* The task: Nothing but an exact repetition of the entries should appear in the answer.

Stored entries
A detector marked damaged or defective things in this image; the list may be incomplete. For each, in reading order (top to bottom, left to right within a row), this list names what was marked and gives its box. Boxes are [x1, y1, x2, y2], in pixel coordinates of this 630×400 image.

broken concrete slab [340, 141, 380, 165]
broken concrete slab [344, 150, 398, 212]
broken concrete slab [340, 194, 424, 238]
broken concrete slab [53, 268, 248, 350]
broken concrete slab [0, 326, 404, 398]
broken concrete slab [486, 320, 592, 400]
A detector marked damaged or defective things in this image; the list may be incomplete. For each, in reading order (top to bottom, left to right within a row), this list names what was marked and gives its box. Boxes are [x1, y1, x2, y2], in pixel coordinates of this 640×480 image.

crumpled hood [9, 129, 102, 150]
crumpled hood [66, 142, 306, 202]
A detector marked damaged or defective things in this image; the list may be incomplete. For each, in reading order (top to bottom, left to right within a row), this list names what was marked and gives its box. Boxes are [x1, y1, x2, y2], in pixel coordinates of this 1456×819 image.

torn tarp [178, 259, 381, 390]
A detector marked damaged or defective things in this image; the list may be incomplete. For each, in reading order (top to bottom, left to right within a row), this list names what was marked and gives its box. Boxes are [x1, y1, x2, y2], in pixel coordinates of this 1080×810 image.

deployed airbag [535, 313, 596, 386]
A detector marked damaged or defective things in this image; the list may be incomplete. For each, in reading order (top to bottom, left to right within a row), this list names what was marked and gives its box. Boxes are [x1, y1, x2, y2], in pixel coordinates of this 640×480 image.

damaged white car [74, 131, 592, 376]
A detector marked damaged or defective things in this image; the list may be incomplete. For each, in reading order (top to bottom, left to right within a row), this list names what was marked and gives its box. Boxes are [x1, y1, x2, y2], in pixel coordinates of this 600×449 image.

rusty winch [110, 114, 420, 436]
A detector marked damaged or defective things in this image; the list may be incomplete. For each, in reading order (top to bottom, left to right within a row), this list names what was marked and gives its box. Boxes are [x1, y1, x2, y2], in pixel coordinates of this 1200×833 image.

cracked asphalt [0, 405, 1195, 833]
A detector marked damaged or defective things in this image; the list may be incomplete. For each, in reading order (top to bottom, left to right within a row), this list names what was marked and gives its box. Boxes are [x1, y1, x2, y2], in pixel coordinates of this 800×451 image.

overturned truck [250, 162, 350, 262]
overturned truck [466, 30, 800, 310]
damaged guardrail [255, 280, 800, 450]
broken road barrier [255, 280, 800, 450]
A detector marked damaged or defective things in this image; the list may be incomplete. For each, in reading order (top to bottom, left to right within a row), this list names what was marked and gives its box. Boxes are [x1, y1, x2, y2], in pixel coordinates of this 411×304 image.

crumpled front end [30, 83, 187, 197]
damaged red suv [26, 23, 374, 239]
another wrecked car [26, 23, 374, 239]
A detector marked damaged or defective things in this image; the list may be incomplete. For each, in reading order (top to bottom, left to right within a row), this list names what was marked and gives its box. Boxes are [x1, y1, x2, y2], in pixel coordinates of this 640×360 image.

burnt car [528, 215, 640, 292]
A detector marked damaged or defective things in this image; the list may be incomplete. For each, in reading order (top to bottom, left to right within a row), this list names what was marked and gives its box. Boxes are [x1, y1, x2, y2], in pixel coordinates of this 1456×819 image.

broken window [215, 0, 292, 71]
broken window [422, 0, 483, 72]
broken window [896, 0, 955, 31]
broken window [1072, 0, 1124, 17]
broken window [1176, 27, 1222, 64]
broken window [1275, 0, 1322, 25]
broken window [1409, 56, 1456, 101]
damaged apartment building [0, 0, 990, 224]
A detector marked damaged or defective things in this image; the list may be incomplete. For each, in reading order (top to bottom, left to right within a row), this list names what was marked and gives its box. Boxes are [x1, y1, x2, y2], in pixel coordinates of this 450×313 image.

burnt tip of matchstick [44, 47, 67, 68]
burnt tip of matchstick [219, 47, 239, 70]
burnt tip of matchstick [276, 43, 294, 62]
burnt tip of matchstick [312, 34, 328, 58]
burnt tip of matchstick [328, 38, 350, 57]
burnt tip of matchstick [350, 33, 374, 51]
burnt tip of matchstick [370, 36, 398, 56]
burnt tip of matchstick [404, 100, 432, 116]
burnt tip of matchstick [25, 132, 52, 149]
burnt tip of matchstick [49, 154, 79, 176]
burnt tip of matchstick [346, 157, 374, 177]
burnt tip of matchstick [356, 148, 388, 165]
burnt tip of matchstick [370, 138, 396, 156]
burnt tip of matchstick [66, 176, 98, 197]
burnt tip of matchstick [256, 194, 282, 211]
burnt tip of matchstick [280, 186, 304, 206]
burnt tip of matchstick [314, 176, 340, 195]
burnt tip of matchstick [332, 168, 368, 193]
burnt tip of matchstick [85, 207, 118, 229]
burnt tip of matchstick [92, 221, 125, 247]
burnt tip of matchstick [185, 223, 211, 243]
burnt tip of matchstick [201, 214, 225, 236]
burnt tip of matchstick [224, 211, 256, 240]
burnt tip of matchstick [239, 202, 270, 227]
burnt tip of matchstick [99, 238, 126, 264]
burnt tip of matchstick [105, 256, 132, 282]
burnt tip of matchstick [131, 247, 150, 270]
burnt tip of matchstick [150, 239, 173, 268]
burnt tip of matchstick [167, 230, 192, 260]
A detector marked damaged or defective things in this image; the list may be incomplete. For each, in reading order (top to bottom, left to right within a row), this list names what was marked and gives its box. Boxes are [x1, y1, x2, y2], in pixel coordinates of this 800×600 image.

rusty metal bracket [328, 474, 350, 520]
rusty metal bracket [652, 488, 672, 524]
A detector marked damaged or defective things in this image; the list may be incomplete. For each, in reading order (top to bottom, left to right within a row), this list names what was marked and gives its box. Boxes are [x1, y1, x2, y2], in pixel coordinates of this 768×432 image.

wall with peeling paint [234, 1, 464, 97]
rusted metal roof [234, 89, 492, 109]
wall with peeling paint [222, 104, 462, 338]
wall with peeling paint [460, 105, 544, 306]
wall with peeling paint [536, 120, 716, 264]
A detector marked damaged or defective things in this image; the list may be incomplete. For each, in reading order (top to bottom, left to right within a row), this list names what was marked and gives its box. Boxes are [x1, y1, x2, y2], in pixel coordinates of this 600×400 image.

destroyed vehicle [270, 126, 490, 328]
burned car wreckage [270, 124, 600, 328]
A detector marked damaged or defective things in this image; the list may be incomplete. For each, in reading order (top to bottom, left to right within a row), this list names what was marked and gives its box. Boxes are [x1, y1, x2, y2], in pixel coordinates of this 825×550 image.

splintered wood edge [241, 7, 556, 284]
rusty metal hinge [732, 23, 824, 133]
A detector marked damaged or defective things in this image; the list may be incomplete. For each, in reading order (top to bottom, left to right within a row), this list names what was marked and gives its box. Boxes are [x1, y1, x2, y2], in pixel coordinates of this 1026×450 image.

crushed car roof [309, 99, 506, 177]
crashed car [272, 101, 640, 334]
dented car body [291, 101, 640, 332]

* Answer box:
A detector marked damaged or defective things in this image; the list may be incomplete. For each, in reading order (top to bottom, left to right within a row), this list names what was marked and gives its box. Boxes are [x1, y1, x2, y2], in pixel coordinates of this 630×400 image.

broken concrete slab [340, 141, 380, 165]
broken concrete slab [344, 150, 398, 212]
broken concrete slab [340, 194, 424, 238]
broken concrete slab [53, 268, 248, 350]
broken concrete slab [0, 326, 404, 398]
broken concrete slab [486, 320, 592, 400]
A detector marked damaged or defective things in this image; the list may be incomplete. For each, in reading order (top to bottom, left to right within a row), this list names what was marked and gives its box. Boxes are [x1, y1, x2, y2], in pixel coordinates of this 640×480 image.

crumpled hood [9, 129, 102, 150]
crumpled hood [66, 142, 306, 202]
A detector marked damaged or defective things in this image; the list may be incomplete. For each, in reading order (top to bottom, left to right within a row), this list names what was marked and gives its box. Boxes are [x1, y1, x2, y2], in pixel coordinates of this 1456×819 image.

torn tarp [178, 259, 381, 390]
A detector marked damaged or defective things in this image; the list may be incomplete. For each, in reading order (top to bottom, left to right within a row), this list names what was marked and gives its box. Boxes are [x1, y1, x2, y2], in pixel coordinates of this 1080×810 image.

deployed airbag [535, 313, 596, 386]
A detector marked damaged or defective things in this image; the list may be incomplete. For each, in reading order (top to bottom, left to right within a row), this list names what was marked and gives its box. Boxes are [x1, y1, x2, y2], in pixel coordinates of this 640×480 image.

damaged white car [74, 131, 592, 376]
A detector marked damaged or defective things in this image; the list may be incomplete. For each, in reading order (top to bottom, left to right within a row), this list names what was marked and gives its box. Boxes are [x1, y1, x2, y2], in pixel coordinates of this 600×449 image.

rusty winch [110, 114, 420, 436]
A detector marked damaged or defective things in this image; the list may be incomplete. For each, in reading order (top to bottom, left to right within a row), this list names what was marked and gives its box. Boxes are [x1, y1, x2, y2], in pixel coordinates of this 1200×833 image.

cracked asphalt [0, 405, 1195, 833]
A detector marked damaged or defective things in this image; the list may be incomplete. For each, in reading order (top to bottom, left to right within a row), this list names what was marked and gives its box. Boxes are [x1, y1, x2, y2], in pixel coordinates of this 800×451 image.

overturned truck [250, 162, 350, 262]
overturned truck [466, 30, 800, 310]
damaged guardrail [255, 280, 800, 450]
broken road barrier [255, 280, 800, 450]
A detector marked damaged or defective things in this image; the list may be incomplete. For each, in reading order (top to bottom, left to right within a row), this list names what was marked and gives its box. Boxes are [x1, y1, x2, y2], in pixel coordinates of this 411×304 image.

crumpled front end [30, 83, 187, 197]
damaged red suv [26, 23, 374, 239]
another wrecked car [26, 23, 374, 239]
A detector marked damaged or defective things in this image; the list may be incomplete. For each, in reading order (top to bottom, left to right within a row), this list names what was marked and gives its box. Boxes are [x1, y1, x2, y2], in pixel coordinates of this 640×360 image.

burnt car [528, 215, 640, 292]
A detector marked damaged or defective things in this image; the list may be incomplete. For each, in reading order (top to bottom, left to right within a row), this list names what was marked and gives its box. Boxes are [x1, y1, x2, y2], in pixel coordinates of this 1456×819 image.

broken window [215, 0, 292, 71]
broken window [422, 0, 483, 72]
broken window [896, 0, 955, 31]
broken window [1072, 0, 1124, 17]
broken window [1176, 27, 1222, 64]
broken window [1275, 0, 1322, 25]
broken window [1409, 56, 1456, 101]
damaged apartment building [0, 0, 990, 224]
A detector marked damaged or defective things in this image; the list may be incomplete. For each, in reading order (top to bottom, left to right within a row), this list names what was marked and gives its box. Boxes are [x1, y1, x2, y2], in pixel coordinates of this 450×313 image.

burnt tip of matchstick [44, 47, 67, 68]
burnt tip of matchstick [219, 47, 239, 70]
burnt tip of matchstick [276, 43, 294, 62]
burnt tip of matchstick [312, 34, 328, 58]
burnt tip of matchstick [328, 38, 350, 57]
burnt tip of matchstick [350, 33, 374, 51]
burnt tip of matchstick [370, 36, 398, 56]
burnt tip of matchstick [404, 100, 432, 116]
burnt tip of matchstick [25, 132, 52, 149]
burnt tip of matchstick [49, 154, 79, 176]
burnt tip of matchstick [346, 157, 374, 177]
burnt tip of matchstick [356, 148, 388, 165]
burnt tip of matchstick [370, 138, 396, 156]
burnt tip of matchstick [66, 176, 98, 197]
burnt tip of matchstick [256, 194, 282, 211]
burnt tip of matchstick [280, 186, 304, 206]
burnt tip of matchstick [314, 176, 340, 195]
burnt tip of matchstick [332, 168, 368, 193]
burnt tip of matchstick [85, 207, 118, 229]
burnt tip of matchstick [92, 221, 125, 247]
burnt tip of matchstick [185, 223, 211, 243]
burnt tip of matchstick [201, 214, 225, 236]
burnt tip of matchstick [224, 211, 256, 240]
burnt tip of matchstick [239, 202, 270, 227]
burnt tip of matchstick [99, 238, 126, 264]
burnt tip of matchstick [105, 256, 132, 282]
burnt tip of matchstick [131, 247, 150, 270]
burnt tip of matchstick [150, 239, 173, 268]
burnt tip of matchstick [167, 230, 192, 260]
A detector marked damaged or defective things in this image; the list may be incomplete. For each, in reading order (top to bottom, left to right within a row), this list names what was marked and gives its box. Boxes are [x1, y1, x2, y2], in pixel coordinates of this 800×600 image.

rusty metal bracket [328, 474, 350, 520]
rusty metal bracket [652, 488, 672, 524]
A detector marked damaged or defective things in this image; the list may be incomplete. For each, in reading order (top to bottom, left to right within a row), this list names what was marked and gives its box. Boxes are [x1, y1, x2, y2], in pixel coordinates of this 768×432 image.

wall with peeling paint [234, 1, 464, 97]
rusted metal roof [234, 89, 492, 109]
wall with peeling paint [222, 104, 462, 338]
wall with peeling paint [460, 105, 544, 306]
wall with peeling paint [536, 120, 716, 264]
A detector marked damaged or defective things in this image; the list may be incomplete. For each, in reading order (top to bottom, left to right within a row), this list names what was marked and gives its box. Boxes are [x1, y1, x2, y2], in pixel coordinates of this 600×400 image.

destroyed vehicle [270, 126, 490, 328]
burned car wreckage [270, 124, 600, 328]
A detector marked damaged or defective things in this image; the list may be incomplete. For each, in reading order (top to bottom, left to right within a row), this list names what was marked and gives its box. Boxes are [x1, y1, x2, y2], in pixel coordinates of this 825×550 image.

splintered wood edge [241, 7, 556, 284]
rusty metal hinge [732, 23, 824, 133]
A detector marked damaged or defective things in this image; the list may be incomplete. For each, in reading order (top to bottom, left to right within a row), this list names what was marked and gives its box. Boxes are [x1, y1, x2, y2], in pixel coordinates of this 1026×450 image.

crushed car roof [309, 99, 506, 177]
crashed car [272, 101, 640, 334]
dented car body [291, 101, 640, 332]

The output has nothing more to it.